Once Upon A Time

There was a wicked, evil woman.  Her name was Renee’.  Renee’ was a teacher.  Renee’ had become a teacher because it was such an easy job.  Earning money by pretending to teach the poor village children.  Renee did not even work a full day and she had summers off.  Renee’ held several degrees but it was known throughout the land that she could not really “do” anything, she could only teach.  Poor sad, wicked Renee’.

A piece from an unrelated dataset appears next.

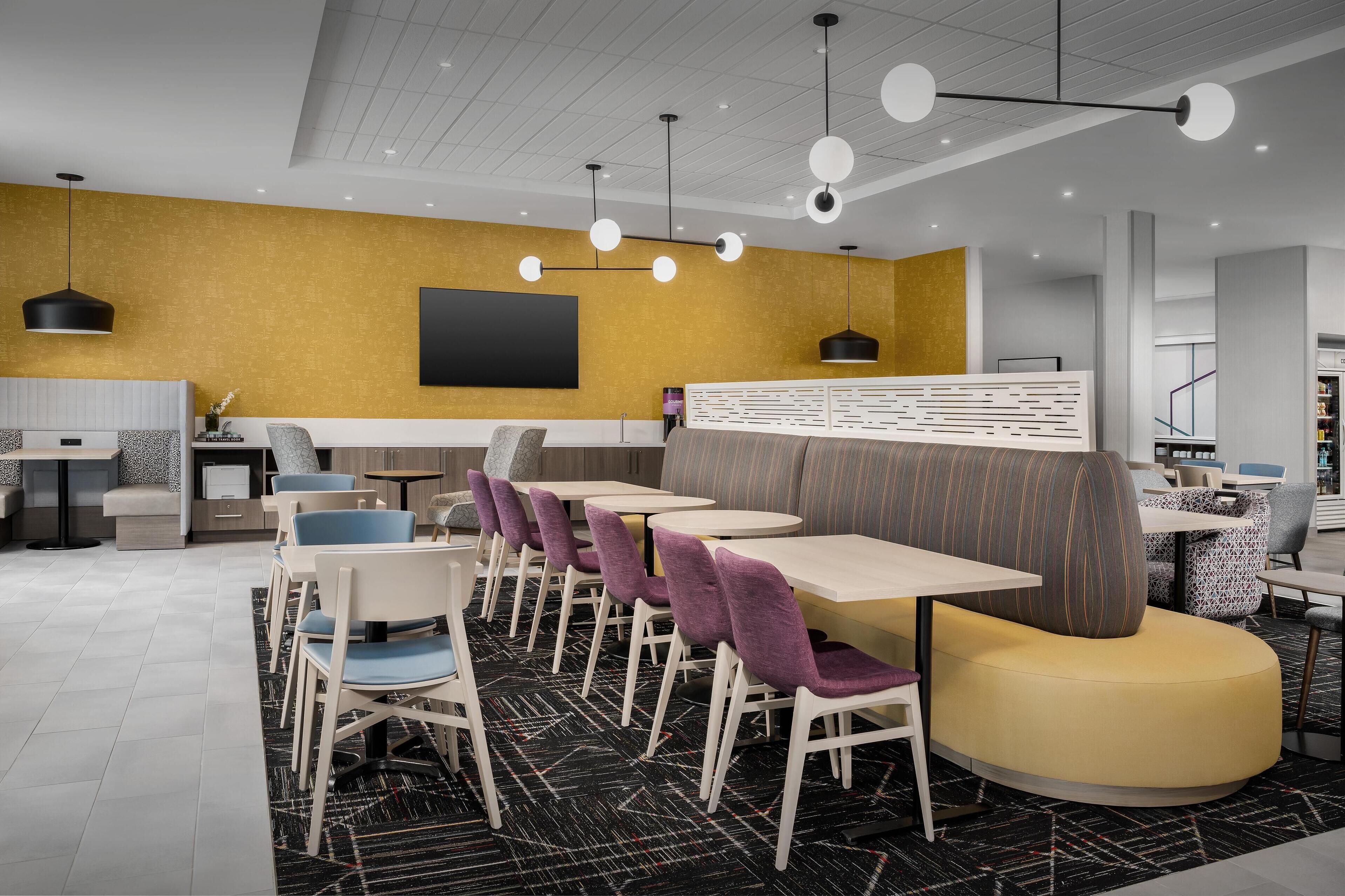 A modern dining area with round tables, purple chairs, and a yellow booth.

This is the the story that we continually hear on the news.   It is pretty much the only story.   If people understood the sheer magnitude of work a teacher does, would they still begrudge them their pay?   If they came in and tried to run a classroom where nine of the kids with IEPs have been pushed in (without any of their aides), where many of the students cannot follow directions; would they understand how hard the job is?  Would they understand that the failure of a school is not all on the backs of the teachers?

Teachers tell themselves a story too.  – It is the parents fault.  I have a good lesson.  I should not have to adjust.  Those kids are just bad.  If I had more (fill in the blank) paper, help, crayons, books, support it would be perfect.  The other teachers before me didn’t do their job.

There might be some truths in these, just as we might find some truth in a stereotype; but it is not the whole truth.  It is easier to listen to just one story. Then we don’t have to weigh the pros and cons, think about the moral dilemma, reflect on our own shortcomings.

If we believe the “one” story, we believe that there is one reason for school failure.  Listening to the other stories helps to unlock all the issues.